Ces murs abandonnés pour Harold ont des charmes :
Dans la salle sonore il dépose ses armes ;
Ses pages sont assis à l’ombre au pied des tours ;
Ses fiers coursiers, paissant l’herbe des vastes cours,
Errent en liberté sur les funèbres pierres
Qui des sacrés martyrs indiquent les poussières ;
Et, les frappant du pied, de longs hennissements
Font résonner l’écho de ces vieux monuments.

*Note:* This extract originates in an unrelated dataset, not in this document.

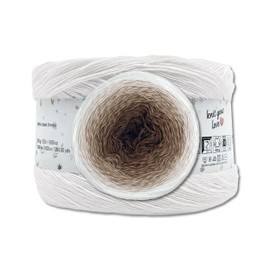 Frida's Wollhaus YarnArt 250 g = 1000 m Rosegarden Bobbel Gradient Yarn Wool 26 Colours (308 | White/Light Brown/Brown/Dark Brown)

Mais Harold n’entend plus leur voix qui le rappelle :
De caveaux en caveaux, de chapelle en chapelle,
Égarant nuit et jour ses pas silencieux,
Il murmure, il soupire, il lève au ciel ses yeux ;
Et son âme, oubliant des scènes effacées,
Reprend à son insu le cours de ses pensées.
Mais à quoi pense-t-il ?… Il est de courts instants
Où notre âme, échappant à la matière, au temps,
Comme l’aigle qui plane au-dessus des nuages,
Se perd dans un chaos de sentiments, d’images,
Fantômes de l’esprit, pressentiments confus
Que nul mot ne peut peindre et qu’aucun œil n’a vus ;
Ténébreux océan où, d’abîme en abîme,
L’esprit roule, englouti dans une nuit sublime,
Et du ciel à la terre, et de la terre aux cieux,
Jusqu’à ce qu’un éclair, éblouissant nos yeux,
Comme le dernier coup de foudre après l’orage,
Vienne d’un trait de feu déchirer ce nuage,
Et, répandant sur l’âme une affreuse clarté,
La replonge soudain dans son obscurité.